§ Assignment: Give every line below again, exactly.

Top of Exercise data

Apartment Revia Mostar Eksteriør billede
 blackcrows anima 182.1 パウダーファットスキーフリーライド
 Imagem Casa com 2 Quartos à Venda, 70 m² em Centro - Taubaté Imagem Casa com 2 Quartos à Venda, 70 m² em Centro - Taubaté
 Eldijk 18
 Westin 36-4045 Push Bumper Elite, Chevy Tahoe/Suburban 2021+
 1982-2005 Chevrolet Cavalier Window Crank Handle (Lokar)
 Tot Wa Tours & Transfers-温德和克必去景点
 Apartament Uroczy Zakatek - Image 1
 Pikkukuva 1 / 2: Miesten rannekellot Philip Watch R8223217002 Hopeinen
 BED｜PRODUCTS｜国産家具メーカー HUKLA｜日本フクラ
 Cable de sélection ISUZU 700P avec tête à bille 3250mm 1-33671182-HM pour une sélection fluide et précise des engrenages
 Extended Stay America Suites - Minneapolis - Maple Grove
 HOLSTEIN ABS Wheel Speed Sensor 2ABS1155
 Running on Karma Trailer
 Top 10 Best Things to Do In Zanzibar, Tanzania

Bottom of Exercise data

§ Result for this exercise:
Apartment Revia Mostar Eksteriør billede
 blackcrows anima 182.1 パウダーファットスキーフリーライド
 Imagem Casa com 2 Quartos à Venda, 70 m² em Centro - Taubaté Imagem Casa com 2 Quartos à Venda, 70 m² em Centro - Taubaté
 Eldijk 18
 Westin 36-4045 Push Bumper Elite, Chevy Tahoe/Suburban 2021+
 1982-2005 Chevrolet Cavalier Window Crank Handle (Lokar)
 Tot Wa Tours & Transfers-温德和克必去景点
 Apartament Uroczy Zakatek - Image 1
 Pikkukuva 1 / 2: Miesten rannekellot Philip Watch R8223217002 Hopeinen
 BED｜PRODUCTS｜国産家具メーカー HUKLA｜日本フクラ
 Cable de sélection ISUZU 700P avec tête à bille 3250mm 1-33671182-HM pour une sélection fluide et précise des engrenages
 Extended Stay America Suites - Minneapolis - Maple Grove
 HOLSTEIN ABS Wheel Speed Sensor 2ABS1155
 Running on Karma Trailer
 Top 10 Best Things to Do In Zanzibar, Tanzania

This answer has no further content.